In many industrial machines, such as packaging and textile machines or sheet-fed offset printing machines, a plurality of movements have to be carried out regularly as a function of a central guide movement. The guide movement, which is carried out by a guide axis, is as a rule a cyclically repeated movement, for example the rotation of an axis. One general requirement for the guide movement is that lower-order movements which are carried out by the slave axes or follower axes follow the guide movement as exactly as possible in accordance with their predefinitions.
Classically, these are carried out by means of a mechanical construction, for example by means of cam disks, as they are known, or by a cam control system. In recent times, electronically regulated drives have been used both for the guide axis and for the slave axes, and dispensing with the positive mechanical coupling. One may speak of this as an electronic transmission. The measurement of the guide axis movements is in this case mostly carried out by means of a rotary encoder. The desired angles for the regulation of the slave axes are determined as a function of the measured guide axis angles.
The illustration according to FIG. 2 shows a block diagram for generating the slave axis setpoints in the conventional manner outlined. An electrically driven guide axis L_A changes its position by assuming various position angles φL, which are registered by a rotary encoder WG. This supplies position measured values φL—meas, with which a function block F is driven which describes the geometric relationship between the movements φL—meas of the guide axis L_A and the desired movements φS—sp of the follower axis or slave axis S_A. This can be carried out in the form of a mathematical function φS—sp=f(φL—meas) or else, for example, by means of a table, in which pairs of values are deposited which represent corresponding locational positions between the guide axis and the slave axis. Using the position setpoints φS—sp generated by the function block F on the output side, the slave axis S_A is finally driven.

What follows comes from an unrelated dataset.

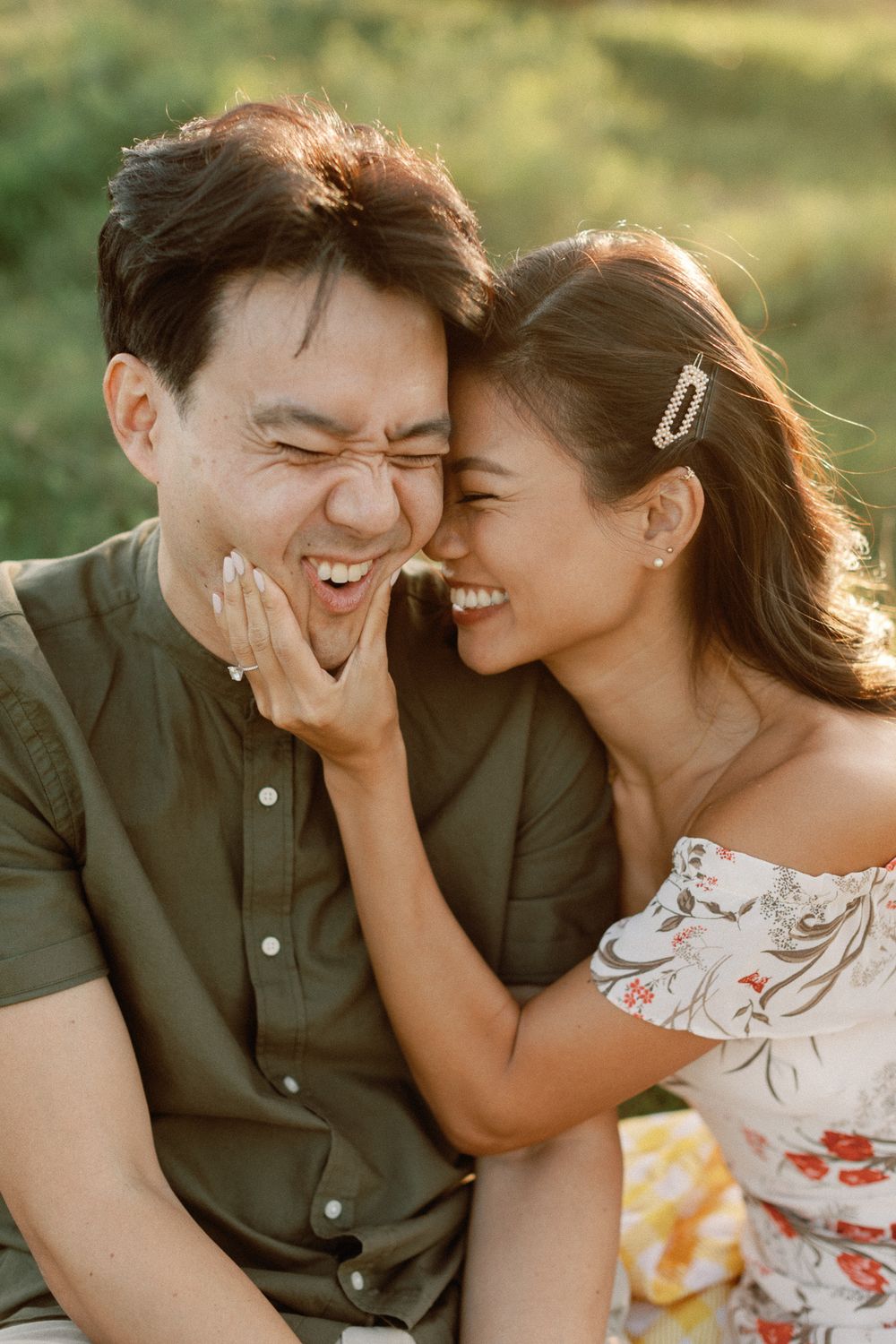 A joyful couple laughing together outdoors, woman in floral dress touching man's face during a sunny picnic.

Using electronic drives as described above and shown in FIG. 2, the actual angles φS—act of the slave axes always lag behind their setpoints φS—sp, since each position control system is afflicted with a specific delay. The difference between the position setpoint φS—sp and the position measured value φS—act is referred to as the lag error. If, for example, a bus system is used for the transmission of the measured guide axis measured values to the slave axes, then the lag error increases again because of the transport time on the bus. The latter is also true for those slave axes which are not regulated but merely controlled.